How I Learnt To Express Myself Better
I am an introvert.
The earliest memory I have of getting into trouble about my introversion was may be 20-22 years ago as a young girl in rural Kenya. Visitors would come, and as a well trained child I’d welcome them, serve them tea/fruit, then leave them in the living room by themselves as they waited to see my mom or father. I knew I was supposed to talk to people, but I just didn’t know how to talk to strangers. I was also very poor at sharing my thoughts and emotions. Often when I got into trouble, I’d just cry, because I didn’t know how to really say stuff without it coming out all jumbled.
Fast forward to the business world, and the first few years of my career were fine. I was an Excel geek, and I didn’t really need to talk to anyone even in the office. I was not good with words, it would take me a whole day to put together a 1 page letter. Voluntary writing (what I do here) was unimaginable.

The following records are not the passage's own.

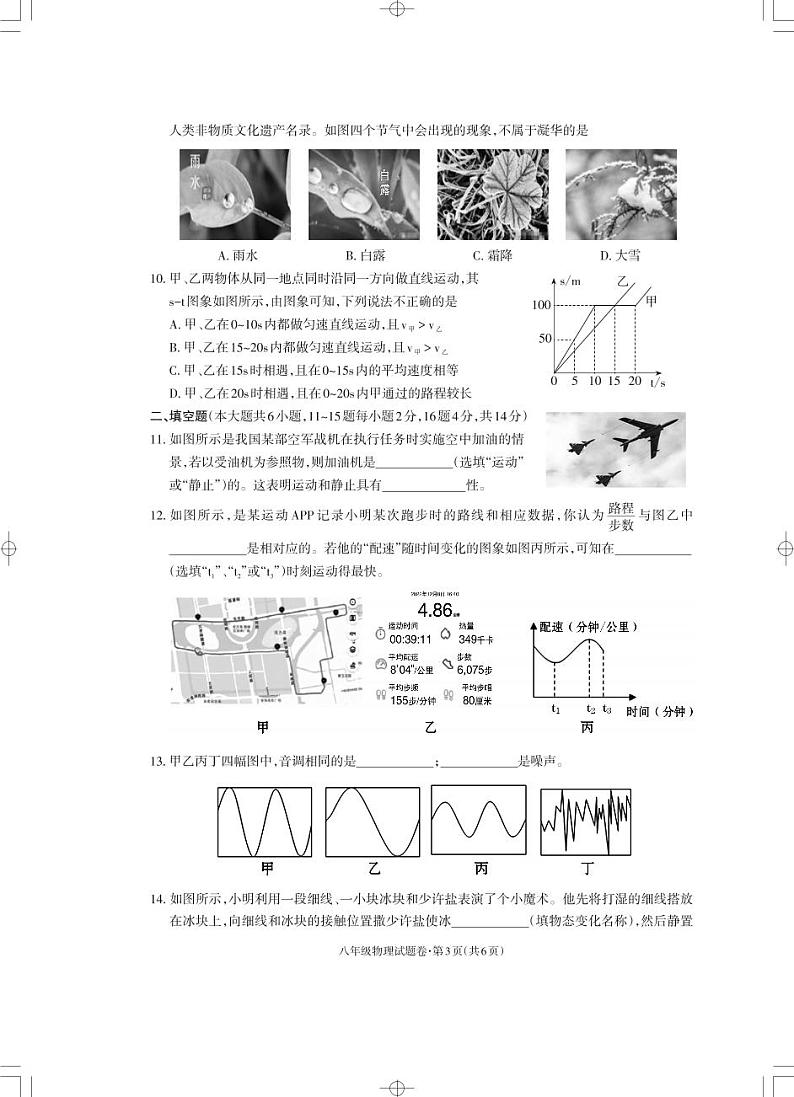 八年级物理_Print第3页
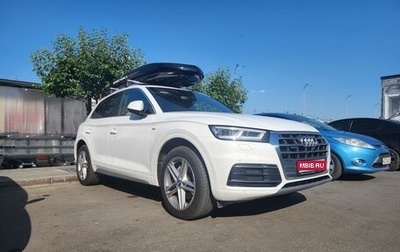Audi Q5, 2017 год, 3 650 000 рублей, 1 фотография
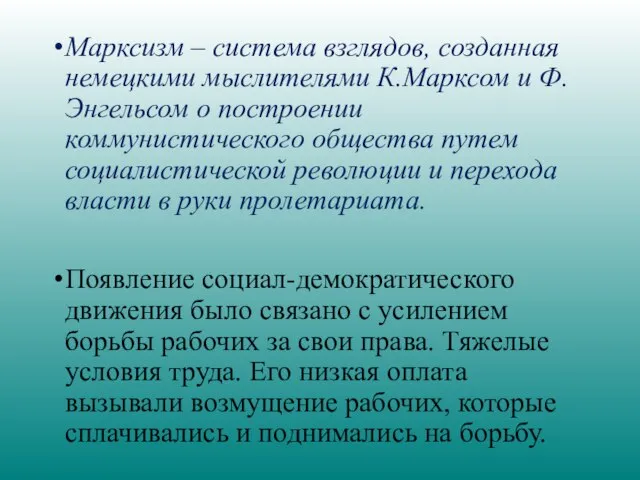 Марксизм – система взглядов, созданная немецкими мыслителями К.Марксом и Ф. Энгельсом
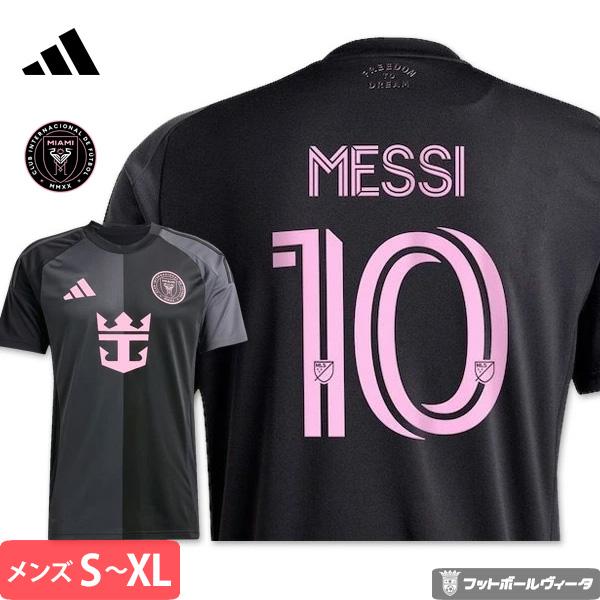 adidas（アディダス） インテルマイアミ メッシ ユニフォーム アウェイ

Then I became a manager. Management is not about being good at doing stuff, but it is about getting others who are good at doing stuff to do it to your standard. This means not just ordering them around, but learning to communicate effectively, but also inspiring them enough for them to want to do stuff, beyond what you pay them for. To do this, I needed to talk, almost all the time!
I wish I can say I moved from total introvert to Barack Obama in 2 weeks by following xyz steps. I cannot. I am not Barack Obama, will never be, but I express myself pretty well (both in writing and verbally). I have come to enjoy expressing myself. My current career curve is in training, and the prospect of spending 2 days at a time with total strangers does not fill me with dread. I’m not a career writer (and I have no dreams of that), but this blog and my Twitter account are testament to the fact that I’m a decent communicator in writing. So what helped?
Reflecting on the last 10 or so years, there are things I have done that have helped me:
a) Widening my reading list
For a long time, all I read were “serious books”. Management, finance, behavioral economics etc. I needed to read those books because I was learning on the job career-wise. However, these books were not teaching me how normal people communicate. They’re full of jargon, and stiff sentences, and it showed when I needed to write something. They did nothing to my speaking ability.
To learn how to express myself, I added two genres to my library;
- memoirs;
- what I call “normal stories”.
Memoirs because reading one’s life story is ordinarily boring, but great writers are able to make their life stories interesting. Memoirs taught me how to develop an interesting voice for a mundane topic, and how to talk about myself without coming off as narcissistic and self obsessed. “Normal stories” are fiction reads that are either based on historical happenings, or day-to-day living that I can relate to. Similarly, “Normal stories” taught me how people who are really good at expressing themselves talk. I didn’t learn by copying them though, more like reading that stuff so much, I over time found myself getting better at expressing my thoughts.
b) I showed up: I over time started offering to speak in public, something I actively avoided all my life. At work, this was by doing investor presentations, answering Q&As during meetings etc. This at first was like pulling teeth. I remember I worked for my first presentation for 2 weeks, then practiced before my mirror for a whole week before finally presenting to an audience of 20 for 30 minutes. Needless to say, it was a flawless presentation, and it gave me courage to do more. Today, I still need to prep. For this 5 minute TV slot, I probably spent an hour reading up and structuring my thoughts, but the point is, I showed up. A few years back I would have declined to appear on TV.
c) I started writing.
I started writing about things I enjoyed and knew a lot about. I didn’t attend a writing course (this is obvious, right?), I instead chose to write just like I speak. Normally.
Introverts are not usually totally blank when you see them sitting quietly by themselves. We are always having these little conversations with ourselves in our heads 😀 I decided to practice bringing these conversations out of my head, by writing and blogging.
The strange byproduct of this is, writing has made me a good speaker, and being a good speaker has made me a better writer. If you’ve followed my blog since 2009, you can see how my voice has changed over time.
d) Learnt to ask questions: Instead of wondering what to say, I learnt to instead get people to talk about themselves and their interests. This works in two ways:
- If the other person is talking about themselves, I do not have to say much, I just need to ask follow up questions and to listen to them which works perfectly as an introvert. So whenever I meet a new person, I will introduce myself, leave them to introduce themselves and based on that I ask a follow up question 🙂
- I get to learn new stuff. See what I know, I already know, talking about it does not help me in anyway. However, when other people talk about what they know, I learn new things.
In conclusion, realizing that I needed to work on how I express myself was the most important thing, followed by knowledge that I wasn’t going to become great at this overnight.